“Eternity and Time: two entirely separate things, we explain, ‘the one having its being in the everlasting kind, the other in the realm of process, in our own universe’. … What then does Eternity mean to those who describe it as something different from Time? … What definition are we to give to Eternity? … It must be at once something in the nature of unity and yet a notion compact of diversity, of a kind. … We sum all into a collected unity once more, a sore life in the Supreme; … a life never varying, nor becoming what it previously was, the thing immutable itself, broken by no interval; and knowing this, we know Eternity.” ~Plotinus
Eternity and Time
Plotinus’ explanation of time and eternity is difficult to follow and the above quote is only a small part of it. The basic idea is really simple. Most people tent to relate the two words and think that Eternity simply means a very long time. A length of time so great that it cannot be measured. But that is not correct. Eternity is not a measurement of time, but a complete denial of it. In short, in a place where eternity exists, time cannot. Likewise, in a place where time rules, eternity cannot dwell. So what are they?
Plotinus goes through a long explanation of why eternity cannot be considered repose simply because time is often thought of as measuring movement.

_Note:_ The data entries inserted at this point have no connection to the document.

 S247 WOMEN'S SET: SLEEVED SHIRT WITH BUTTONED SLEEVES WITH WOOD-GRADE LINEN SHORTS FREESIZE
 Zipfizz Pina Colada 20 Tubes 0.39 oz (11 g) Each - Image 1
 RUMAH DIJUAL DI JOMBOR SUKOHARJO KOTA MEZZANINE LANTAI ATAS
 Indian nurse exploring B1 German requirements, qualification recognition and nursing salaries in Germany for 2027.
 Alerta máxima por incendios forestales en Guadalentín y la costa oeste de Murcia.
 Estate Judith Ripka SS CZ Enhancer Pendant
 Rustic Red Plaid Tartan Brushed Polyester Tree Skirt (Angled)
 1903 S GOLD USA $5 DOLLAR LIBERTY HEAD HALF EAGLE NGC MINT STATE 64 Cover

It would mean that the eternal cannot move, yet there are eternal principles or forces that are in constant motion. Eternity is not divisible, while time is. We can break up a year into months, months into weeks, weeks into days and so on. We cannot do that with eternity. You cannot have a half-eternity, or a tenth of eternity. That turns eternity into a large amount of time, and that is not what it is. You might even think of it as anti-time, a force that opposes time and all it stands for.
While eternity is difficult to grasp, time is not. It is actually quite simple. Time is not a way of measuring movement, but of change. It is that simple. Movement may be a type of change, but eternal movement is not changing and therefore not subject to time. Movement that changes is subject to time. Anything that changes is subject to time. In a realm of time, thing grow old and die. Under the control of time, things rot away and are replaced with other things. This is quite different from being eternal.
The Strange Paradox of Time
We often here, with regard to time, that we can only function in the present, not in the past, and not in the future. But science has proven that wrong.
While it may be only a fraction of a second, it takes a certain amount of time for the knowledge of an event to register on our brain and for the brain to react to it. This means that while we are reacting in the present, we are reacting to the past. We touch a hot stove, then feel the burn, then react by pulling the hand away. We are reacting to a past event. We always react to a past event. Even a person who is psychic and can see future events is not reacting to the present, but to the future. And what is the present exactly?
Science cannot agree on how long the present is. Even to say that defies the concept of the present. Some say it is about 200 milliseconds: the time it takes for an event to register on the brain. Other say we perceive the present as being about two or three seconds long. But perception is often not reality. We have electronic timers now that an break seconds us into nanoseconds. A nanosecond is one billionth of a second. Logically, if a devise can count nanoseconds, then what happened one nanosecond ago is in the past, not the present. So by the time our brain is aware of something, it is in the past. This is the strange realm of time we have to deal with in the world of matter. In the spiritual realms, there is no time, only eternity.